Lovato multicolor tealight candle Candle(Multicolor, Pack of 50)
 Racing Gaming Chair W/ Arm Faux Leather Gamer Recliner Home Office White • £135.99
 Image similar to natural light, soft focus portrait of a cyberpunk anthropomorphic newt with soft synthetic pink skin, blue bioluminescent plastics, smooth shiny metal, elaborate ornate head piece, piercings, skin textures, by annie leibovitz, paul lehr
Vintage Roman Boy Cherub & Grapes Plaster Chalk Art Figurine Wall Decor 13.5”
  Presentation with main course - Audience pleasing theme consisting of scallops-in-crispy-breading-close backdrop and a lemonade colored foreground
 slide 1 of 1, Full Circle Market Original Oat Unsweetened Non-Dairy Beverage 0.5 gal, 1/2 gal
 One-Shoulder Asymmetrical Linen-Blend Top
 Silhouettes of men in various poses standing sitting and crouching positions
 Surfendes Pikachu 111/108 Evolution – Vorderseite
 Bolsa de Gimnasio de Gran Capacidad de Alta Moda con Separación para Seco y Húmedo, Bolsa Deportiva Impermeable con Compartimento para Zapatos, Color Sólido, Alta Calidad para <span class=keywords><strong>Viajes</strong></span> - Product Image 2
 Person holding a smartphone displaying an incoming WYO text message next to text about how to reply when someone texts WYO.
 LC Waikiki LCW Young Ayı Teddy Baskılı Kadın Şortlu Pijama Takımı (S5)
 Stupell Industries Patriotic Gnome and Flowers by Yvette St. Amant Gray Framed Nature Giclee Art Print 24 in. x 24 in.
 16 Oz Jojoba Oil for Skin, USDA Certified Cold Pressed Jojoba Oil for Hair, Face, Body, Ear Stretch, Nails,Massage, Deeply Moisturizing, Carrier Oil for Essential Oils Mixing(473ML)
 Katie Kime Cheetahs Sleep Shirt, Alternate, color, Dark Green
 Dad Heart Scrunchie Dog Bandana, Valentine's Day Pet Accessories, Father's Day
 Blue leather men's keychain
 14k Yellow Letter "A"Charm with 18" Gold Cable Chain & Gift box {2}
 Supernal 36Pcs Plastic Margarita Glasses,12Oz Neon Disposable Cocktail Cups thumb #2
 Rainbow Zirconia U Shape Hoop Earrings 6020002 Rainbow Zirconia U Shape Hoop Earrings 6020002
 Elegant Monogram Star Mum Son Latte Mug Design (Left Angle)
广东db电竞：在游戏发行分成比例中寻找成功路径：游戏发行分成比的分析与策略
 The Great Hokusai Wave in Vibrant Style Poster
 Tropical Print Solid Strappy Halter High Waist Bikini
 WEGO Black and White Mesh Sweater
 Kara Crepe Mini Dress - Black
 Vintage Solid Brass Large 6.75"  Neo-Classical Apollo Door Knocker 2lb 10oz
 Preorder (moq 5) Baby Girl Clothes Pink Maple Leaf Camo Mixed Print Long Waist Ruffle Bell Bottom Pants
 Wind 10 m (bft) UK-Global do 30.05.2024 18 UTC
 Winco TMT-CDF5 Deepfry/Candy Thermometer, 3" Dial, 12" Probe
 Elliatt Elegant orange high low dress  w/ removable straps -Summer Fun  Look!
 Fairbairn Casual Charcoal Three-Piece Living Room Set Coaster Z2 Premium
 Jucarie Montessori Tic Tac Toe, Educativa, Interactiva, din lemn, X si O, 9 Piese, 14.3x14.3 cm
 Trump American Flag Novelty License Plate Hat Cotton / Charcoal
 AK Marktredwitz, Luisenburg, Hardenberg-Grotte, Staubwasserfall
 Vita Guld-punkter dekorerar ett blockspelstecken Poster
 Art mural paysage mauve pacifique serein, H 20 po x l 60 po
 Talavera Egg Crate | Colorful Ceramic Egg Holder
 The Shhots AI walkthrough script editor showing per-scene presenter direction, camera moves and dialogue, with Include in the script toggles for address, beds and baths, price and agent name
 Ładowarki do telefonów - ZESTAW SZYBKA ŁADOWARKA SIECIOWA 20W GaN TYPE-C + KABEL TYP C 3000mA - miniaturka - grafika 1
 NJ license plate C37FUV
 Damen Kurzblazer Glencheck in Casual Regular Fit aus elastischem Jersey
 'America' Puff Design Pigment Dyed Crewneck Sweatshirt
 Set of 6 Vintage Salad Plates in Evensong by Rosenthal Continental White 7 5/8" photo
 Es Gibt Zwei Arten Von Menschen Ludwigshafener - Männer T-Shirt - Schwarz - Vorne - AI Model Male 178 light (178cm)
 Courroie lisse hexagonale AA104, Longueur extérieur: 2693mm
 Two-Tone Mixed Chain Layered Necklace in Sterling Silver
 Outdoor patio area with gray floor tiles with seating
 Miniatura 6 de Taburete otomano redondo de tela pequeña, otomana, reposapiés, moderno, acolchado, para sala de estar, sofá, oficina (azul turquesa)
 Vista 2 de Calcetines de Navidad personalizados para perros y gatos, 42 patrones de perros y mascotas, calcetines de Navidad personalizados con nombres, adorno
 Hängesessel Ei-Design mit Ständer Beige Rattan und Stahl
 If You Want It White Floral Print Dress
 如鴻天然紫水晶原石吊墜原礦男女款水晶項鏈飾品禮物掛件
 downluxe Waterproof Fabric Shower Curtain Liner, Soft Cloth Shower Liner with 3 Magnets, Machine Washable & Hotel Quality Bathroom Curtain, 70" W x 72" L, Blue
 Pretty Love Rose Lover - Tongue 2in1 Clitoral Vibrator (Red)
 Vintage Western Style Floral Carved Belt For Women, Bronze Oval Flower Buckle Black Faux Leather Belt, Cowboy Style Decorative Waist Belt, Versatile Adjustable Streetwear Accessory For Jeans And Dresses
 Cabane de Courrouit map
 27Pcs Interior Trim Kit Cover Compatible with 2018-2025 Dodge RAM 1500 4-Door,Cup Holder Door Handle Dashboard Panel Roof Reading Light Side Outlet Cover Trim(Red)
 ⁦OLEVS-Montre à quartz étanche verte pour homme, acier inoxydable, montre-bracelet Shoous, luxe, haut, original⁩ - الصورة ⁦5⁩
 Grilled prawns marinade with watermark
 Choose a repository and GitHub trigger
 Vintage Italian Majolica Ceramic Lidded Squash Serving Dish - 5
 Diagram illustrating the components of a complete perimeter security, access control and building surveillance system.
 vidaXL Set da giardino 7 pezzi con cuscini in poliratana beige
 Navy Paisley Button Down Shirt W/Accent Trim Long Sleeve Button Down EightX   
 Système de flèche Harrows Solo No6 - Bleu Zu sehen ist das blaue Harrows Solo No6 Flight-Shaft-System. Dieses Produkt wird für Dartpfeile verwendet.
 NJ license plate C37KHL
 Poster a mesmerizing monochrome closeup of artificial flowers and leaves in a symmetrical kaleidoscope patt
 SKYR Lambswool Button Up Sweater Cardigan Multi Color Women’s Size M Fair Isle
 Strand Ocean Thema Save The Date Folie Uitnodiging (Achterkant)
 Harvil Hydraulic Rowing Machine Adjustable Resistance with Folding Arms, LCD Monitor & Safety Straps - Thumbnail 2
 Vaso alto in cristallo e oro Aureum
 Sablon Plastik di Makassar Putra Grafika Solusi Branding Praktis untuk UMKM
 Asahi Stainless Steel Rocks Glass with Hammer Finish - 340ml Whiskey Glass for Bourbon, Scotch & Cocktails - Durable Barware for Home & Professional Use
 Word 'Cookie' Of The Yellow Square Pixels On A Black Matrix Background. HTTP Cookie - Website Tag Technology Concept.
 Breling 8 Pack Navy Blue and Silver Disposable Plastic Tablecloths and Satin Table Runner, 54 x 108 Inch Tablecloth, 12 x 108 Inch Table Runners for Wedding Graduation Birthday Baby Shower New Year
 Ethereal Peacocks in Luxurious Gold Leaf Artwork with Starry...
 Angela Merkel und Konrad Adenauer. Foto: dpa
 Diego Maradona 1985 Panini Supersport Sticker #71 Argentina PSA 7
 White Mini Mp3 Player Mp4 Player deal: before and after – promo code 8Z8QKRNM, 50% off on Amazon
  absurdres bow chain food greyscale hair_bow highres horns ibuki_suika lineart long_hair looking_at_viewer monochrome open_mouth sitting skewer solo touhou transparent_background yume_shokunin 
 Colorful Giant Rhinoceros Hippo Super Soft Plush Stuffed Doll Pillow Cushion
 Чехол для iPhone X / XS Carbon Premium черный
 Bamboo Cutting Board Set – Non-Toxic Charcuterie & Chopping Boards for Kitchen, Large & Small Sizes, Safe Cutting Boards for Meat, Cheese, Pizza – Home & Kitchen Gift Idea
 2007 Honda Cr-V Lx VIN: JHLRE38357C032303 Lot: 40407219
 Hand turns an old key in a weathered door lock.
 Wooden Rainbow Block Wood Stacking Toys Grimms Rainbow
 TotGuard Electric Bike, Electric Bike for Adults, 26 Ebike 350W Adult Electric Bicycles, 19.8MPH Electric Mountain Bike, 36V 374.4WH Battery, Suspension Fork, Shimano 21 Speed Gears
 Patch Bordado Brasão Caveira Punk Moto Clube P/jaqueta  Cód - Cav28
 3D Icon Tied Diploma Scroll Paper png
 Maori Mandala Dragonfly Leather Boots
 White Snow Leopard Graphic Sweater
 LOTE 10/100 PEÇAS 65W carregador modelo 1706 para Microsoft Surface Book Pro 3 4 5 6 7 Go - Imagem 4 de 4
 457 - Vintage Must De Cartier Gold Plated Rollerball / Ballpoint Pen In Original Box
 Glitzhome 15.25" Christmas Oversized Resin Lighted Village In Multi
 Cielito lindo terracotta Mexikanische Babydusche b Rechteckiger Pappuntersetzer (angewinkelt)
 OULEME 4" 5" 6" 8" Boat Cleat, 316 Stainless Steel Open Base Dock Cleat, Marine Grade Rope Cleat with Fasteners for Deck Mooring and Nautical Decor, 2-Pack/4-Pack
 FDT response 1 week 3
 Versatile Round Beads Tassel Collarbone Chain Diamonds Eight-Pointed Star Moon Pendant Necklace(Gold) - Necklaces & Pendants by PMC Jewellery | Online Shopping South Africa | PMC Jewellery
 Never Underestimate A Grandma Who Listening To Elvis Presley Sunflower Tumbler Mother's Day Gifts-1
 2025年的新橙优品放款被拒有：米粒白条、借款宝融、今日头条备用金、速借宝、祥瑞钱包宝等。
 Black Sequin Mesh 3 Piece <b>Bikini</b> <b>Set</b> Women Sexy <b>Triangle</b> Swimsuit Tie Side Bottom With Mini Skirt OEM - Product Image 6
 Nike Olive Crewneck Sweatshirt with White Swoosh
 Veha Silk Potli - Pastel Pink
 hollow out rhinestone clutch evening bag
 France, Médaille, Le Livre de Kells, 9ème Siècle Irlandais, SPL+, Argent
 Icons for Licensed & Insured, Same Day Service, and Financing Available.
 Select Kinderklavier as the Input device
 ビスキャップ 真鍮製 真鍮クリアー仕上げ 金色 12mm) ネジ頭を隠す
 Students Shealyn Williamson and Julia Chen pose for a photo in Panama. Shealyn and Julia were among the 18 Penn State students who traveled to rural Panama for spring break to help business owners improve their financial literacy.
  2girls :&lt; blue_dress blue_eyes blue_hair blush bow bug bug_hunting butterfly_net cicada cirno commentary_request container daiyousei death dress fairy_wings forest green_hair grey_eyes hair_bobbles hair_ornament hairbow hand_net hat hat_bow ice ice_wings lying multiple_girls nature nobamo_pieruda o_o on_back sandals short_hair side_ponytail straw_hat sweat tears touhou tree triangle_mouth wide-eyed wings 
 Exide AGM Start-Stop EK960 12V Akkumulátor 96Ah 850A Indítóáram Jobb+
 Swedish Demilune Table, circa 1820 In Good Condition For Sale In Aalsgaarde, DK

*-*-*

EXERCISE DIRECTIONS
Nothing but the lines from the beginning of the records through the line with "Elegant Monogram Star" should appear, each printed exactly.

WRITTEN REPLY
Lovato multicolor tealight candle Candle(Multicolor, Pack of 50)
 Racing Gaming Chair W/ Arm Faux Leather Gamer Recliner Home Office White • £135.99
 Image similar to natural light, soft focus portrait of a cyberpunk anthropomorphic newt with soft synthetic pink skin, blue bioluminescent plastics, smooth shiny metal, elaborate ornate head piece, piercings, skin textures, by annie leibovitz, paul lehr
Vintage Roman Boy Cherub & Grapes Plaster Chalk Art Figurine Wall Decor 13.5”
  Presentation with main course - Audience pleasing theme consisting of scallops-in-crispy-breading-close backdrop and a lemonade colored foreground
 slide 1 of 1, Full Circle Market Original Oat Unsweetened Non-Dairy Beverage 0.5 gal, 1/2 gal
 One-Shoulder Asymmetrical Linen-Blend Top
 Silhouettes of men in various poses standing sitting and crouching positions
 Surfendes Pikachu 111/108 Evolution – Vorderseite
 Bolsa de Gimnasio de Gran Capacidad de Alta Moda con Separación para Seco y Húmedo, Bolsa Deportiva Impermeable con Compartimento para Zapatos, Color Sólido, Alta Calidad para <span class=keywords><strong>Viajes</strong></span> - Product Image 2
 Person holding a smartphone displaying an incoming WYO text message next to text about how to reply when someone texts WYO.
 LC Waikiki LCW Young Ayı Teddy Baskılı Kadın Şortlu Pijama Takımı (S5)
 Stupell Industries Patriotic Gnome and Flowers by Yvette St. Amant Gray Framed Nature Giclee Art Print 24 in. x 24 in.
 16 Oz Jojoba Oil for Skin, USDA Certified Cold Pressed Jojoba Oil for Hair, Face, Body, Ear Stretch, Nails,Massage, Deeply Moisturizing, Carrier Oil for Essential Oils Mixing(473ML)
 Katie Kime Cheetahs Sleep Shirt, Alternate, color, Dark Green
 Dad Heart Scrunchie Dog Bandana, Valentine's Day Pet Accessories, Father's Day
 Blue leather men's keychain
 14k Yellow Letter "A"Charm with 18" Gold Cable Chain & Gift box {2}
 Supernal 36Pcs Plastic Margarita Glasses,12Oz Neon Disposable Cocktail Cups thumb #2
 Rainbow Zirconia U Shape Hoop Earrings 6020002 Rainbow Zirconia U Shape Hoop Earrings 6020002
 Elegant Monogram Star Mum Son Latte Mug Design (Left Angle)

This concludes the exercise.